**INSTRUCTIONS FOR THE TASK:**
Only the lines from the first line of the records through the line containing "アンビアンス 1Kの間取図画像" belong in the answer. Copy them exactly.

**Stored data:**
+++

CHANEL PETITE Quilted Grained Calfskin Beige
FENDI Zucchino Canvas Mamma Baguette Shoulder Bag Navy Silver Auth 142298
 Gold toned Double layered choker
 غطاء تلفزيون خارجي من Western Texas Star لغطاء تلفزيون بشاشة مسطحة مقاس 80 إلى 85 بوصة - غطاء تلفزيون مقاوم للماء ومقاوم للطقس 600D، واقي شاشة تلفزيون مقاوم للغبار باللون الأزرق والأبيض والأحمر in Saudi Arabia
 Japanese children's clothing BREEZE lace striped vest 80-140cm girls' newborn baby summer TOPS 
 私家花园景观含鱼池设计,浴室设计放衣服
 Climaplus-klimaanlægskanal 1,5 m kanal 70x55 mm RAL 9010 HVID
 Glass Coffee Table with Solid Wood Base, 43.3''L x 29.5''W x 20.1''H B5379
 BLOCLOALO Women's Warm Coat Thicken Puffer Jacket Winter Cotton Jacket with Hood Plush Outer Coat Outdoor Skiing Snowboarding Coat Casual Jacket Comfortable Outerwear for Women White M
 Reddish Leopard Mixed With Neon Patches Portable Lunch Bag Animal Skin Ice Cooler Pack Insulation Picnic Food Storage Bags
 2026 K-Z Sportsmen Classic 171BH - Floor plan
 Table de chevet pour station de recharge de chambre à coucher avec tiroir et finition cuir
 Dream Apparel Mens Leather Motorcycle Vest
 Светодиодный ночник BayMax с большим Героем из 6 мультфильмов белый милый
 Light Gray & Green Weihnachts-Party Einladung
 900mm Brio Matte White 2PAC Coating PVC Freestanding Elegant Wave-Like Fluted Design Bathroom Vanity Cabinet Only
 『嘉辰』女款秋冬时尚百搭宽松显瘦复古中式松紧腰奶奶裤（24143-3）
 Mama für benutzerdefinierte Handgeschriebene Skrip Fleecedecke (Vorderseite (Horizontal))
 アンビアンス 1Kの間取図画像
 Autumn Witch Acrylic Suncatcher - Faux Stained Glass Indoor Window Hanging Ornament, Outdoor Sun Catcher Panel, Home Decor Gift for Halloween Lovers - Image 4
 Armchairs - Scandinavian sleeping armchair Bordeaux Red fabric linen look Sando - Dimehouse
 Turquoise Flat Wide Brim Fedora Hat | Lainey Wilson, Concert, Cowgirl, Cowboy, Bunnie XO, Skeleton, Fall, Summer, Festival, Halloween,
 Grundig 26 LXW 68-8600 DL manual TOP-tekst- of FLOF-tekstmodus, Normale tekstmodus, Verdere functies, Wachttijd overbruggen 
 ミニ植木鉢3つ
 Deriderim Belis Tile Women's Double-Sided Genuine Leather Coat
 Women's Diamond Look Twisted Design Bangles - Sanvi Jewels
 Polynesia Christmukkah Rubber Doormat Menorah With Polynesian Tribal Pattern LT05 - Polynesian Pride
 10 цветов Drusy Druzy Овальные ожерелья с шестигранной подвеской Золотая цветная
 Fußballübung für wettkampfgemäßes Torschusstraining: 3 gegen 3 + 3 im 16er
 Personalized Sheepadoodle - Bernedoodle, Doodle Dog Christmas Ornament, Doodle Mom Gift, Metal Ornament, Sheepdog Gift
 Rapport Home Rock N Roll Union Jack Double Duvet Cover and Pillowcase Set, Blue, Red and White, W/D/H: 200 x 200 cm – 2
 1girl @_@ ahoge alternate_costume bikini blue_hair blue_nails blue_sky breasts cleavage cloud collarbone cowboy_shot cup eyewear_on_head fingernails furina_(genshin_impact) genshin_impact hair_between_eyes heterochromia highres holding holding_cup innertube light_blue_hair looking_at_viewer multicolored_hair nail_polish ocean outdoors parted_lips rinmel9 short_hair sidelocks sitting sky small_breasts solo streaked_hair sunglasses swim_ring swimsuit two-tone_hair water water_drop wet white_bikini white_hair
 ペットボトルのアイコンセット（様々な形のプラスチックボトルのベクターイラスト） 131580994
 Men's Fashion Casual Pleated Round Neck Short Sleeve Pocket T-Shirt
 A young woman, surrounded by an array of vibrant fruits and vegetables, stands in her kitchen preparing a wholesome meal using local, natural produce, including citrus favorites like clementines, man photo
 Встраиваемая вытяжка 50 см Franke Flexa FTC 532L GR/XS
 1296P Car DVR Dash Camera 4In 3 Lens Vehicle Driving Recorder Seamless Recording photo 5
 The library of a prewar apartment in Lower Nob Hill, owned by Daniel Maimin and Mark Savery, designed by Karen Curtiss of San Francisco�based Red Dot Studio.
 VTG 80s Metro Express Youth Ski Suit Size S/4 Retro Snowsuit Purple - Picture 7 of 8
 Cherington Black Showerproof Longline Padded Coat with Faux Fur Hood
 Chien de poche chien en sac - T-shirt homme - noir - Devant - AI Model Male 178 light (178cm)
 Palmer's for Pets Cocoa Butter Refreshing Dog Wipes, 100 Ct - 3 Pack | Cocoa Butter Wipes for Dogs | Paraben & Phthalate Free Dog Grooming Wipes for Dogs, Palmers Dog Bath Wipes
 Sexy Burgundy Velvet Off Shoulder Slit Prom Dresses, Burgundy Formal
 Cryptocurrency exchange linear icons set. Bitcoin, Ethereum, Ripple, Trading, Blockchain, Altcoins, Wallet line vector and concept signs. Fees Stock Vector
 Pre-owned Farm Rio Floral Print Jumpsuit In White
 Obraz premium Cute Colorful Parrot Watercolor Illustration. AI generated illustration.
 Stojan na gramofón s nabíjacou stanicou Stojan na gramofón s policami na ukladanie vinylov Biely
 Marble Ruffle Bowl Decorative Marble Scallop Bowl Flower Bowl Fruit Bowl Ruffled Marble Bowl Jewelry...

+++

**ANSWER BELOW:**
CHANEL PETITE Quilted Grained Calfskin Beige
FENDI Zucchino Canvas Mamma Baguette Shoulder Bag Navy Silver Auth 142298
 Gold toned Double layered choker
 غطاء تلفزيون خارجي من Western Texas Star لغطاء تلفزيون بشاشة مسطحة مقاس 80 إلى 85 بوصة - غطاء تلفزيون مقاوم للماء ومقاوم للطقس 600D، واقي شاشة تلفزيون مقاوم للغبار باللون الأزرق والأبيض والأحمر in Saudi Arabia
 Japanese children's clothing BREEZE lace striped vest 80-140cm girls' newborn baby summer TOPS 
 私家花园景观含鱼池设计,浴室设计放衣服
 Climaplus-klimaanlægskanal 1,5 m kanal 70x55 mm RAL 9010 HVID
 Glass Coffee Table with Solid Wood Base, 43.3''L x 29.5''W x 20.1''H B5379
 BLOCLOALO Women's Warm Coat Thicken Puffer Jacket Winter Cotton Jacket with Hood Plush Outer Coat Outdoor Skiing Snowboarding Coat Casual Jacket Comfortable Outerwear for Women White M
 Reddish Leopard Mixed With Neon Patches Portable Lunch Bag Animal Skin Ice Cooler Pack Insulation Picnic Food Storage Bags
 2026 K-Z Sportsmen Classic 171BH - Floor plan
 Table de chevet pour station de recharge de chambre à coucher avec tiroir et finition cuir
 Dream Apparel Mens Leather Motorcycle Vest
 Светодиодный ночник BayMax с большим Героем из 6 мультфильмов белый милый
 Light Gray & Green Weihnachts-Party Einladung
 900mm Brio Matte White 2PAC Coating PVC Freestanding Elegant Wave-Like Fluted Design Bathroom Vanity Cabinet Only
 『嘉辰』女款秋冬时尚百搭宽松显瘦复古中式松紧腰奶奶裤（24143-3）
 Mama für benutzerdefinierte Handgeschriebene Skrip Fleecedecke (Vorderseite (Horizontal))
 アンビアンス 1Kの間取図画像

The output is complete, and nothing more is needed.